In a world where more and more of us are increasingly engaging in internet services and organising our lives in a digital format, most of us may not have considered what will happen when we die.
What is a digital asset?
Unsurprisingly, the term ‘digital asset’ has no precise legal definition. It has been the subject of legal argument but, for the lay person, it can usefully be described as including the following:
- Internet accounts including emails;
- Photographs or videos stored online;
- Social media accounts;
- Music libraries; and
- Virtual currencies, amongst other things.
These are all potential assets: some of which could be valuable and others may only attract a sentimental value.
At Howells, we have found that most clients have not even considered the possibility of gifting digital assets or what will happen to this information when they die.
So, what exactly can be done with our digital assets on death?
Who owns digital data?
It may come as a surprise to know that you probably don’t own what you think you do.
When we sign up to online services, e.g. Internet Service Providers (“ISP”) we usually have to agree to terms and conditions, which are non-negotiable. We enter a contact to use a service. In most cases we are granted a licence to use a service until the contract is terminated.
One exception to this is iTunes. You may have a burning ambition to pass on your digital version of your David Bowie back catalogue to your beneficiaries. However, your downloaded music is only licenced to the individual account holder and Apple retain ultimate control.
It may be the same position in relation to photographs that are uploaded to social media sites.
If any music or photographs are stored electronically on a device you do retain ownership of those but it may not be easy for your Personal Representatives to gain access.
Confidentiality and Privacy
You may think that the simple solution is to leave details of your passwords to enable your Personal Representatives to be able to access your accounts after you have died.
However, most ISP terms and conditions prevent you from disclosing this information and, in some cases, it could be illegal under the Computer Misue Act 1990.
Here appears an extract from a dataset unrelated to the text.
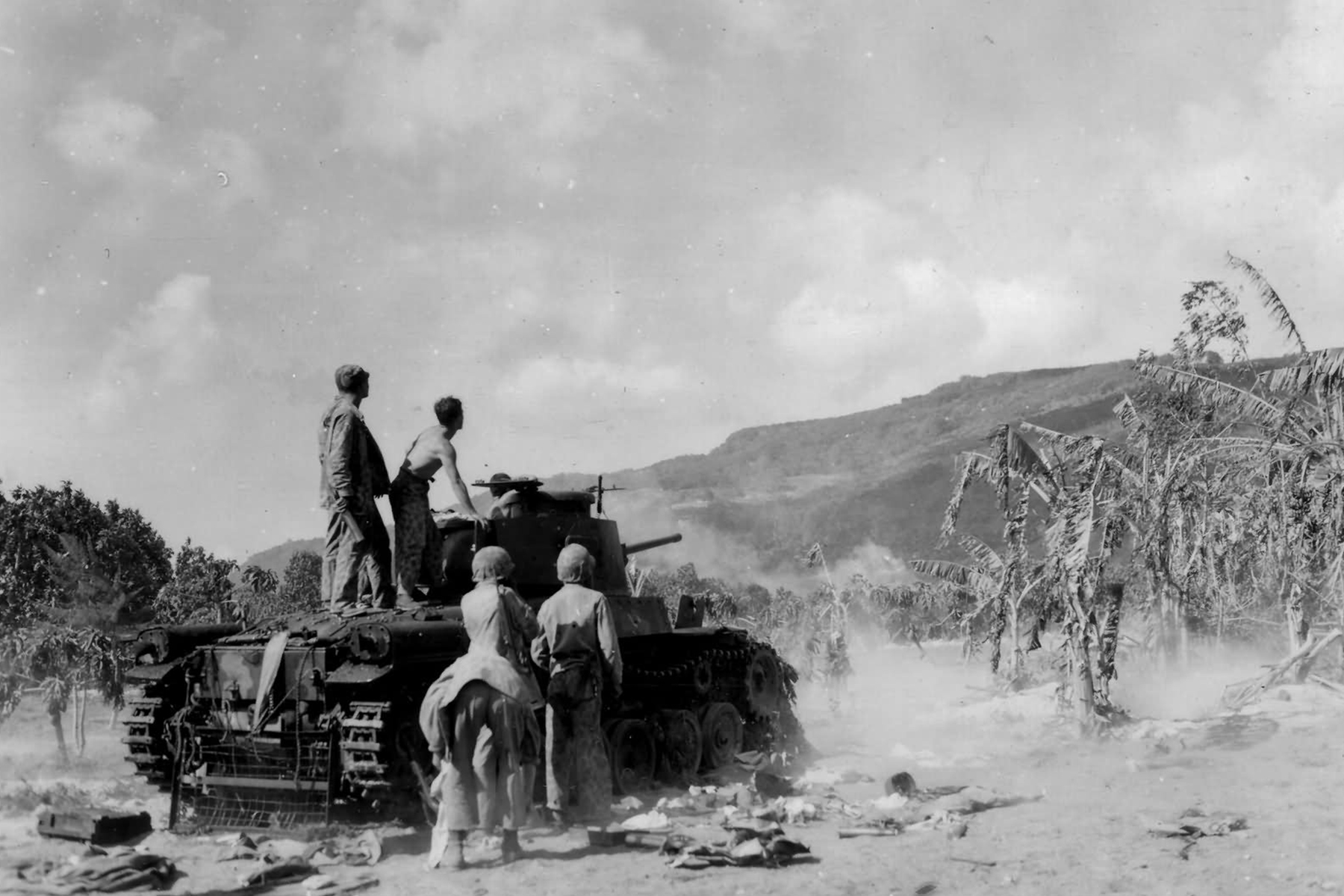 Marines with the 2nd Marine Division use a captured Japanese tank in Saipan in 1944. (Department of Defense/USMC)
It could also be confusing as to what duty of confidentiality the Personal Representative has towards the deceased. It may not be obvious what the law states and therefore a Personal Representative is best advised to obtain legal advice before proceeding.
So, what can Personal Representatives do?
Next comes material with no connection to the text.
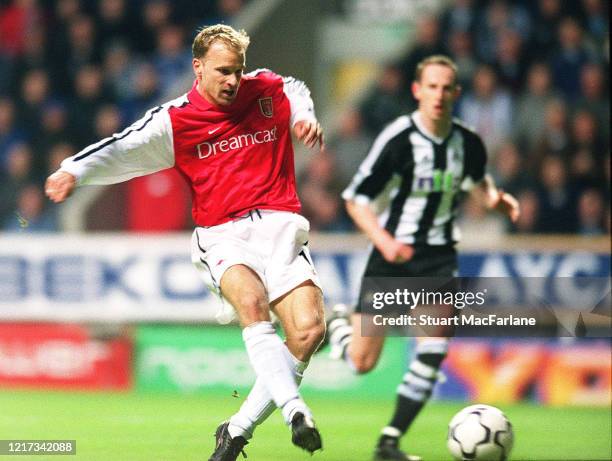 Dennis Bergkamp scores a goal for Arsenal during the Premier League match between Newcastle United and Arsenal on March 2, 2002 in Newcastle, England.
Internet Service Providers e.g. Microsoft, Google, Facebook etc usually provide a range of options as to how the account can be dealt with after your death and are contained in their terms and conditions. These can include:
- All account content is removed. In the case of Facebook your Personal Representatives will need to provide a copy of the death certificate and the Will, if there is one.
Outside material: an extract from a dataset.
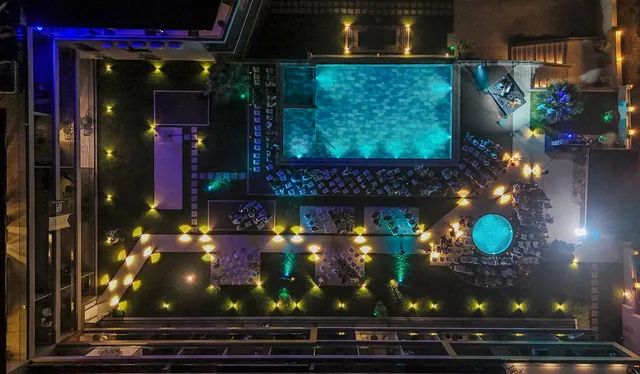 Royal Blue — illuminated pool and terrace from above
- This will have the effect of keeping the account active after your death but no-one will be able to log into it, accept new friends or be searched for by others.
- Create a legacy contact. This allows you to nominate an individual who will be allowed access to the account after your death.
What can you do now to make it easier after your death?
- Leave clear instructions to your executors what should happen to these assets. They are still assets which form part of your estate.
- Log onto your social media accounts and change the settings to reflect how you would like your asset to be dealt with on your death. It is not possible to assume what will happen to your accounts on death and therefore it is prudent to carry out as much research now and plan ahead.
- Back up your digital assets e.g. by saving photographs to memory sticks or printing them out.
There is a growing trend for us to possess more and more digital assets. Lindsey Rawson, partner at Howells LLP advises that it cannot be underestimated how important it is to plan ahead now and update all digital information and your post death wishes to enable your Personal Representatives to be able to manage those assets, transfer or close them down. It can sometimes take longer to deal with digital assets than the traditional paper based assets in order to bring the accounts to a close in an efficient and thorough manner whilst retaining respect for the deceased and any beneficiaries.